Arrivé en Belgique il y a plus de 20 ans, le football américain éprouve encore quelques difficultés à se faire connaître et à séduire de nouveaux pratiquants. Sport de contact, complet et fair-play, le foot US mérite pourtant qu’on s’y attarde. Plutôt abonné aux diffusions des meilleurs moments de la NFL au lendemain des week-ends, nous avons dès lors décidé de nous immerger l’espace d’un entraînement dans l’un des onze clubs de la Ligue Francophone de football américain, les Waterloo Warriors, qui compte une centaine de membres. La saison, en Belgique, commencera fin février. Mais nous avons assisté début décembre à l’un des derniers entraînements en extérieur de l’hiver, avant les fêtes de fin d’année.

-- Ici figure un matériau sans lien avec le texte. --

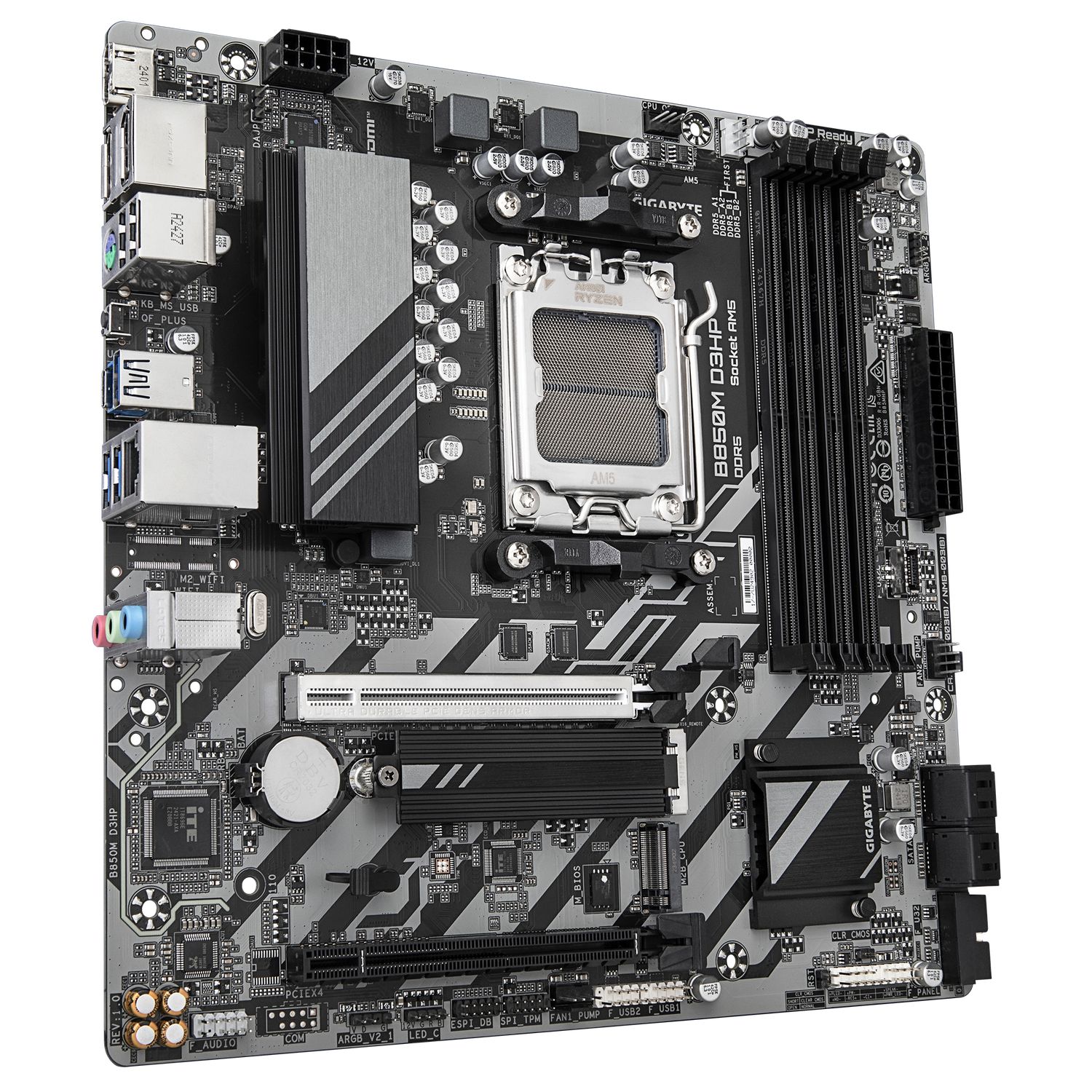 B850M D3HP, AM5, DDR5, mATX, Gri/Negru_2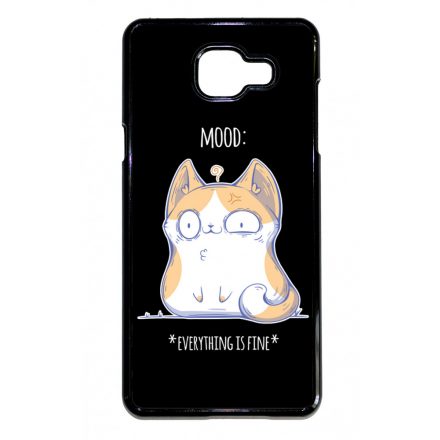 Cat Mood cicas macskas this is fine Samsung Galaxy A5 (2016) tok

Avec une légère appréhension liée à nos capacités physiques pour ce sport que l’on ne pensait que violent, on arrive parmi les premiers joueurs à se frayer un chemin vers les vestiaires. Chaleureuse, l’ambiance l’est certainement. Cela permet de se réchauffer car la météo ne pousse certainement à sortir en short par zéro degrés. Mais qu’importe. La discussion s’engage à bâtons rompus dans les vestiaires. Les joueurs parlent de leur passion pour ce sport, de manière assez communicative. On se prend au jeu, on a finalement hâte de se mettre en tenue. Un appareil complet et neuf d’une valeur approximative de 600 euros. Un budget, certes, mais nécessaire afin de se prémunir contre les chocs qu’on ne manquera pas d’encaisser. On commence alors à enfiler le short renforcé au niveau des genoux, puis à chausser nos crampons de football, ensuite on met un petit survêtement. Vient alors le grand moment, toujours comique pour un débutant : l’installation de l’impressionnante protection au niveau des épaules. Passage des bras, de la tête et léger déhanchement pour la revêtir correctement : on se serait presque cru revenu au temps de l’école primaire, lorsqu’on enfilait maladroitement notre veste renversée. Puis le sympathique coach des Warriors, Matthieu Bellin, nous aide en fixant le tout. Ah, oui, le casque. On l’oubliait presque. Mais il se révélera utile. Celui-là, on nous le prête. On peut maintenant sortir du vestiaire en ayant l’impression d’avoir fière allure.